Department of Justice Announces Health Care False Claims Act Settlements
A False Claims Bulletin
The United States Department of Justice (DOJ) announced a number of False Claims Act health care settlements over the past several weeks. These settlements involved a wide array of allegations, including promotion of drugs for unapproved uses, payment of kickbacks, improper billing of outpatient services as inpatient services and provision of hospice services to ineligible individuals.
Promotion of Prescription Drugs for Unapproved Uses and Payment of Kickbacks
Johnson & Johnson (J&J) and its subsidiaries agreed to a settlement with the DOJ for more than $2.2 billion to settle allegations that it promoted prescription drugs for unapproved uses and paid kickbacks to physicians and long-term care pharmacies. The settlement included criminal fines, forfeitures and civil settlements with the federal government and several states. The majority of the allegations against J&J concerned the drug Risperdal.
The government alleged that a J&J subsidiary marketed Risperdal for the treatment of anxiety and depression in elderly dementia patients, while it was approved only to treat schizophrenia. In addition, the government alleged that J&J caused false claims to be submitted to federal health care programs by promoting Risperdal for off-label uses, making false statements about the safety of Risperdal and paying kickbacks to physicians to prescribe Risperdal.
Finally, the government alleged that, in furtherance of its efforts to target elderly dementia patients, J&J paid kickbacks to Omnicare, Inc., the nation’s largest pharmacy specializing in dispensing drugs to nursing home patients. The alleged kickbacks were paid as market-share rebates, data purchase agreements, grants and educational funding. This was one of the largest health care fraud settlements in U.S. history.
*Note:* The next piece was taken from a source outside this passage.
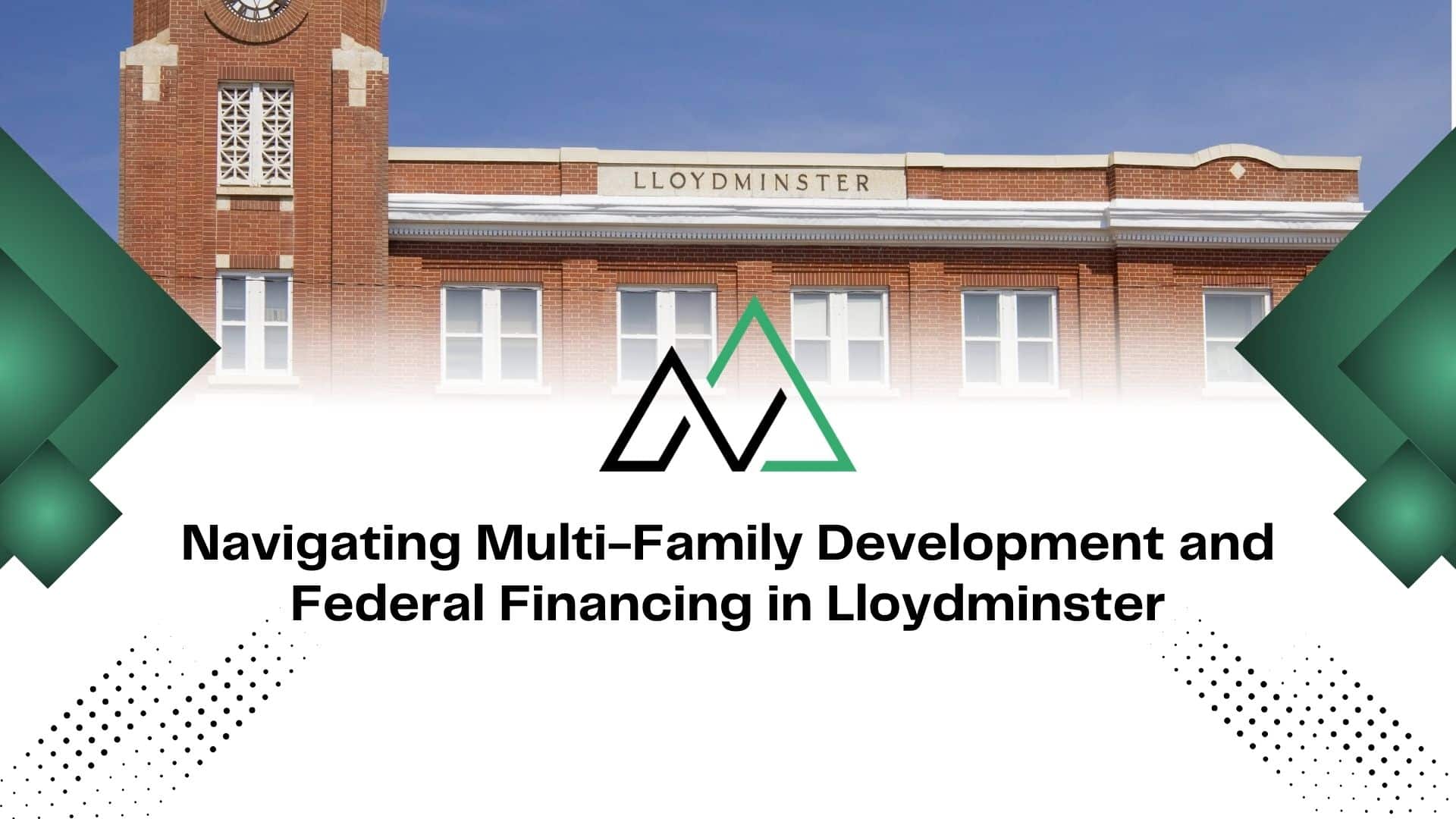 MLI Select Lloydminster Multi Family New Homes for sale in Alberta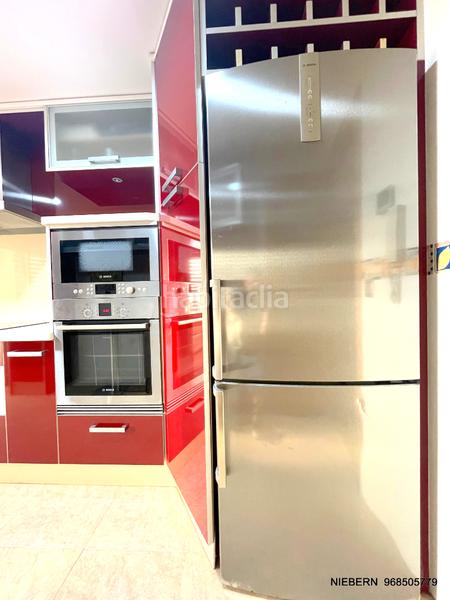 Foto 3797ebd8-125d-499a-be91-e913ad908aff. Location appartement dans Canteras Cartagena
Improper Billing of Outpatient Services as Inpatient Services
The DOJ announced a settlement with SSM Health Care of Oklahoma, Inc. (SSM) in the amount of $475,000 to settle allegations that the hospital violated the False Claims Act by billing Medicare for inpatient services that should have been billed as outpatient services. The government alleged that individuals who presented to the emergency room and patients who were scheduled for planned medical procedures were admitted to the hospital, and the services were billed on an inpatient basis when they should have been billed on an outpatient basis.
Provision of Hospice Services to Ineligible Individuals
Hospice of the Comforter Inc. (HOTCI) agreed to a settlement with the DOJ for $3 million to resolve allegations that it violated the False Claims Act by submitting false claims to Medicare for hospice services provided to patients who were not eligible for such services. The Medicare hospice program is intended to provide care to terminally ill individuals during the last six months of their lives.
The government alleged that HOTCI directed its staff to admit all referred patients, regardless of whether they were eligible for the Medicare hospice benefit.
In addition, HOTCI allegedly falsified medical records to make it appear that the individuals were eligible for the hospice benefit, employed field nurses without hospice training, established procedures to limit physicians’ roles in assessing whether patients were terminally ill and delayed discharging other patients when they became ineligible for the benefit.
In addition to the $3 million settlement, HOTCI’s former CEO agreed to a three-year exclusion from federal health care programs. The allegations arose from a lawsuit filed by a former HOTCI employee under the False Claims Act’s whistleblower provisions.
Health care fraud will continue to be aggressively pursued by the DOJ and Department of Health and Human Services via the agencies’ Health Care Fraud Prevention and Enforcement Action Team. Health care organizations should continue to strengthen their internal compliance programs and foster a culture of compliance throughout every department. Employees should be encouraged to bring potential issues to the attention of management so that the issues can be investigated and, if warranted, corrected and self-reported to the government.